Task item =>
Print the data below exactly, but only the lines from the one containing "Cute Little Cat" down to the one containing "Color-Block Crewneck Sweatshirt", inclusive.

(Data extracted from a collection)
* * *

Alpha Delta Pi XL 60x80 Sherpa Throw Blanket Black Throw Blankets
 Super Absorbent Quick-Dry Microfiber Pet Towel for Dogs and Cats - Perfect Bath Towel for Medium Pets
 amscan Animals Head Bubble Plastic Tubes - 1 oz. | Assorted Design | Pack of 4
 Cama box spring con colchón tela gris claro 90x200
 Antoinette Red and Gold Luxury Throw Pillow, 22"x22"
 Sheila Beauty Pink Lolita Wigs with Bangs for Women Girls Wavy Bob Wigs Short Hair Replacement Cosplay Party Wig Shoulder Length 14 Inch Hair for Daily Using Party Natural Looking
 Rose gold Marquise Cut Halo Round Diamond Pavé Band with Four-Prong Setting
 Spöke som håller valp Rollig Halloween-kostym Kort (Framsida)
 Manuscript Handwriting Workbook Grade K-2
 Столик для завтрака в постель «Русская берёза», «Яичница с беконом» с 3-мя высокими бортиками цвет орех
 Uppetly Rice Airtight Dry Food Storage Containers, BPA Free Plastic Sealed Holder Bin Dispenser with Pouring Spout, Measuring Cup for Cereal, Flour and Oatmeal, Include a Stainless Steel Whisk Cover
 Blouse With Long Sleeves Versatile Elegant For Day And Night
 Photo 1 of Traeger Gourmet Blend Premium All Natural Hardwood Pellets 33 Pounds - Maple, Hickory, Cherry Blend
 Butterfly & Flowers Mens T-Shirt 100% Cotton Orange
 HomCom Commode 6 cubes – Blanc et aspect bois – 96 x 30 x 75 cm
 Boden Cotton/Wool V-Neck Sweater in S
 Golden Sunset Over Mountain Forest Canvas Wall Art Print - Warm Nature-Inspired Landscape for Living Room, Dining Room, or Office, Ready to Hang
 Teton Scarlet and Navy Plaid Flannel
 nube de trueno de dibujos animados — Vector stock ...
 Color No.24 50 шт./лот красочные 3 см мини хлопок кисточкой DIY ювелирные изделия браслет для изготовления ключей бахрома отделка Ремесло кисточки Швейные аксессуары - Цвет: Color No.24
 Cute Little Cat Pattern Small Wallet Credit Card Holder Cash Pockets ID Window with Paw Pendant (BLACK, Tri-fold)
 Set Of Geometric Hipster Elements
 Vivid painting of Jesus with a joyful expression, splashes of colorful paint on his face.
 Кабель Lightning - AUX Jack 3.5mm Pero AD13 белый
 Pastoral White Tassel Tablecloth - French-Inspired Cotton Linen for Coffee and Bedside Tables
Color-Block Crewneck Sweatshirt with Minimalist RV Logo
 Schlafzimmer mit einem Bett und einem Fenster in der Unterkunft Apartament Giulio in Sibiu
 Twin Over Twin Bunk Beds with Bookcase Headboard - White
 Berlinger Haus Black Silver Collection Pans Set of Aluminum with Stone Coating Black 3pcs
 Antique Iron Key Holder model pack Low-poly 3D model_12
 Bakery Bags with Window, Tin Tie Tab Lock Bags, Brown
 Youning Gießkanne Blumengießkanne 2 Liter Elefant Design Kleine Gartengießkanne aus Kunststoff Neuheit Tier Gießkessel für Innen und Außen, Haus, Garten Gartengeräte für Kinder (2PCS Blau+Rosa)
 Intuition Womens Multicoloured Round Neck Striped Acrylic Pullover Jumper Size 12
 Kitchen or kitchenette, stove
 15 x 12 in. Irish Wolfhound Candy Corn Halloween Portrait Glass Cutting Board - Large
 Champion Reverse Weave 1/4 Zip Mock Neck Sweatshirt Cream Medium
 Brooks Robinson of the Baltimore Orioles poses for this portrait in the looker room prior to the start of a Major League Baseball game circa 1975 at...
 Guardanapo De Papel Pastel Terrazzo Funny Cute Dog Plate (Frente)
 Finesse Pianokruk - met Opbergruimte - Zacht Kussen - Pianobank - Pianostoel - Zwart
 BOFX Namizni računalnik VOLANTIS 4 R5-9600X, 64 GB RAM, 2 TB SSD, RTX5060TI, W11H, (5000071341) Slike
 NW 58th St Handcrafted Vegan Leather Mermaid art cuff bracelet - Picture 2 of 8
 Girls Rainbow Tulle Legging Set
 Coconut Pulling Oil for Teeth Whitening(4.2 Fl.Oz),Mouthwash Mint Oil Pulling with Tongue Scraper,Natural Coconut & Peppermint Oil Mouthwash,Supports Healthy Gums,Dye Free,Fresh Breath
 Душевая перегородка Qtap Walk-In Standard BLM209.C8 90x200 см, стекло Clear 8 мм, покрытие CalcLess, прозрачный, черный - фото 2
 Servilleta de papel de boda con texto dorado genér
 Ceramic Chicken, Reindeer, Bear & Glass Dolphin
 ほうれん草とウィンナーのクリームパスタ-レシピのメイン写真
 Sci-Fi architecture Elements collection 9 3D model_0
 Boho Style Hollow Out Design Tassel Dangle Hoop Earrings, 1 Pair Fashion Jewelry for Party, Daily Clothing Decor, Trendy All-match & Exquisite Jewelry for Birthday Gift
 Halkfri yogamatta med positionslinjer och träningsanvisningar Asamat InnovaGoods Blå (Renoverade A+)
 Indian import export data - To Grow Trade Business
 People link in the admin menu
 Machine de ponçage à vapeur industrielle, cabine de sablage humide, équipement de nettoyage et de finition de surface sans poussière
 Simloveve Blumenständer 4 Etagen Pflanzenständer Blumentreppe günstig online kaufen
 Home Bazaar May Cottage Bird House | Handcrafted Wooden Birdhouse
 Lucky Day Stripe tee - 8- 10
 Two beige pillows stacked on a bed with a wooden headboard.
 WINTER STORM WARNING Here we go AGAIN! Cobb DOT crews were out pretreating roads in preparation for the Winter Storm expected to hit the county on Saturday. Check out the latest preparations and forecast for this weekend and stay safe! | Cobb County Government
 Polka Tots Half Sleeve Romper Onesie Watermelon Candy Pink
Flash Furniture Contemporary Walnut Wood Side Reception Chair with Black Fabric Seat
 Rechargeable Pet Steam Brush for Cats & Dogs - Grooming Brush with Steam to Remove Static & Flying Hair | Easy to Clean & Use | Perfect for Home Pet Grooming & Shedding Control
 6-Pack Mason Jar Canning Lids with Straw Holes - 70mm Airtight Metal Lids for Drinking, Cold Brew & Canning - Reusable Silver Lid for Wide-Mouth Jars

* * *

Answer for the task =>
 Cute Little Cat Pattern Small Wallet Credit Card Holder Cash Pockets ID Window with Paw Pendant (BLACK, Tri-fold)
 Set Of Geometric Hipster Elements
 Vivid painting of Jesus with a joyful expression, splashes of colorful paint on his face.
 Кабель Lightning - AUX Jack 3.5mm Pero AD13 белый
 Pastoral White Tassel Tablecloth - French-Inspired Cotton Linen for Coffee and Bedside Tables
Color-Block Crewneck Sweatshirt with Minimalist RV Logo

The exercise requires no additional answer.